E qual é essa lição? As aves não estão preocupadas em se tornar grandes fazendeiras, estocar alimentos, adquirir enormes colheitadeiras ou desmatar quilômetros de mata. Não existe uma competição entre elas para saber qual se alimenta melhor, qual frequenta os melhores restaurantes ou qual possui o cardápio mais sofisticado. Elas não precisam demonstrar status social por meio da comida, da aparência ou do modo de vida. Todas seguem o mesmo ritual todas as manhãs.

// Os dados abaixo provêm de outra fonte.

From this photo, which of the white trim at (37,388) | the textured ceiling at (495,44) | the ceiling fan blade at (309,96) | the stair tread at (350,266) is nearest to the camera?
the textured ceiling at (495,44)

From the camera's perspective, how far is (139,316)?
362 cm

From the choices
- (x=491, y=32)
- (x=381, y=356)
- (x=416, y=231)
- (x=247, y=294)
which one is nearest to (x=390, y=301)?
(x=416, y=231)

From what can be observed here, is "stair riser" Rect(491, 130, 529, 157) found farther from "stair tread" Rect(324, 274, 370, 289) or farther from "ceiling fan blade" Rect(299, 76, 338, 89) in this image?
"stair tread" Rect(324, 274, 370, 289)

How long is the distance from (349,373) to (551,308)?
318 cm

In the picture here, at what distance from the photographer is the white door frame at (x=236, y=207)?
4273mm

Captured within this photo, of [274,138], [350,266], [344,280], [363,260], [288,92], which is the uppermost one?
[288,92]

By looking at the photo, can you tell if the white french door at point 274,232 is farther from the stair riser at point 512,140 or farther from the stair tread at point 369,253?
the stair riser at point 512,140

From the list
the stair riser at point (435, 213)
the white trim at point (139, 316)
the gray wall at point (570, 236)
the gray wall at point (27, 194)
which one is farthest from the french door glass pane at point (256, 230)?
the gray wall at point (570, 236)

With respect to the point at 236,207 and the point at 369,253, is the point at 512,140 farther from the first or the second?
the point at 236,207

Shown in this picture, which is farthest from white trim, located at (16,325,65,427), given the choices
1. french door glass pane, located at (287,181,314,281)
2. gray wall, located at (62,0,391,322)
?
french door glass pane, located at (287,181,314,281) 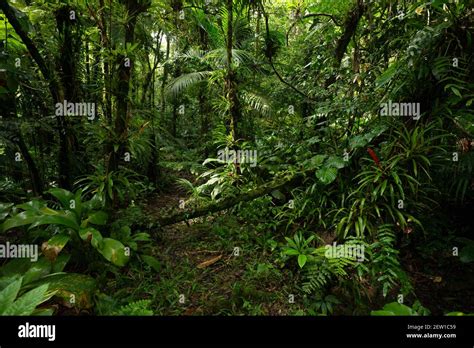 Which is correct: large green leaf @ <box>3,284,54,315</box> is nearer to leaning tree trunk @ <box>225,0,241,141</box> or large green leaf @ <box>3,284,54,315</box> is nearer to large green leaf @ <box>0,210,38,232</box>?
large green leaf @ <box>0,210,38,232</box>

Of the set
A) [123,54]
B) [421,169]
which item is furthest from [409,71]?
[123,54]

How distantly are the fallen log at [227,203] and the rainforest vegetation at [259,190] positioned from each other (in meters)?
0.02

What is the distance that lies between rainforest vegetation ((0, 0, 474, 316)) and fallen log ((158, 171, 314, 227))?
18 mm

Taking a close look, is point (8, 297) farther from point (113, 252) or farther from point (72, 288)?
point (113, 252)

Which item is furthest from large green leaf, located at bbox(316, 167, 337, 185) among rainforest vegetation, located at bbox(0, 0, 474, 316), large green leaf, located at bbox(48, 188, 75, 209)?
large green leaf, located at bbox(48, 188, 75, 209)

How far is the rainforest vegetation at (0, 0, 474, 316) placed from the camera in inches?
103

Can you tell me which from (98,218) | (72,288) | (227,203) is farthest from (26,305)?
(227,203)

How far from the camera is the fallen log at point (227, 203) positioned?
345 cm

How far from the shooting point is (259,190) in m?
3.68

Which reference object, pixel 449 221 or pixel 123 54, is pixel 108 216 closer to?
pixel 123 54

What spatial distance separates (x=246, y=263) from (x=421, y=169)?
2.16 m

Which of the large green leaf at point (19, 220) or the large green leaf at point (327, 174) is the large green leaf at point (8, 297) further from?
the large green leaf at point (327, 174)

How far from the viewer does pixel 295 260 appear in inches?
120

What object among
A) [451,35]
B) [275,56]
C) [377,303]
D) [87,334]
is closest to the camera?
[87,334] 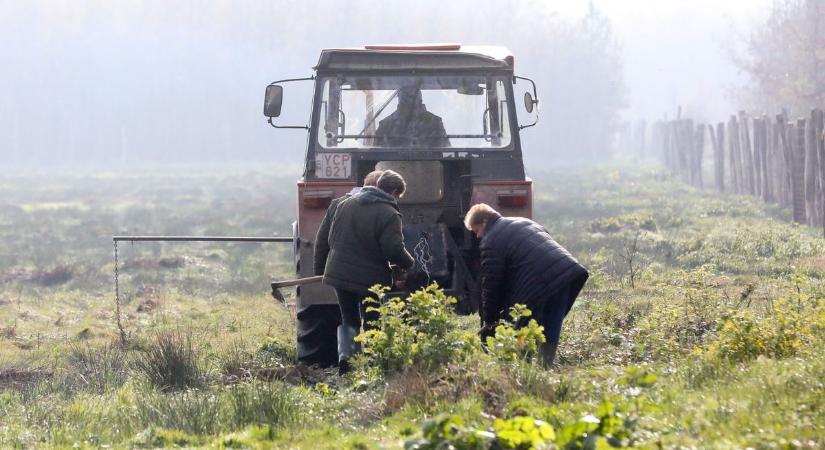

Então, por que não aprendemos com as aves? Porque a concorrência para ser o melhor entre todos se tornou fundamental para nós. Queremos nos destacar, ser vistos, notados e admirados. Sentimo-nos bem quando as pessoas copiam o nosso modo de vida. E, principalmente, que tentem imitá-lo, mas nunca consigam alcançar o mesmo patamar, porque gostamos da exclusividade. O carro precisa ser o mais caro e o mais personalizado possível. A casa tem que ser a maior, a mais bonita e a mais desejada, ocupar a maior área e, de preferência, ter a melhor vista.

Não é sem motivo que estamos constantemente cansados, ansiosos, frustrados e, muitas vezes, deprimidos. Acordamos de mau humor dia após dia, porque a lição das aves do céu já não faz sentido para a nossa geração. E, no entanto, seria muito mais simples viver como elas. Afinal, mesmo não semeando nem armazenando provisões para o ano inteiro, Jesus garantiu que o Pai celestial as alimenta.

E, para mostrar como frequentemente vivemos na contramão da vontade de Deus, Jesus perguntou àqueles que estavam preocupados com o que fariam de suas vidas: “Não tendes vós muito mais valor do que elas?”. Você vale mais do que uma ave que voa pelos céus? Se a sua resposta for sim, saiba que todo desespero para alcançar ou controlar qualquer coisa é desnecessário. Deus cuida de nós a cada manhã.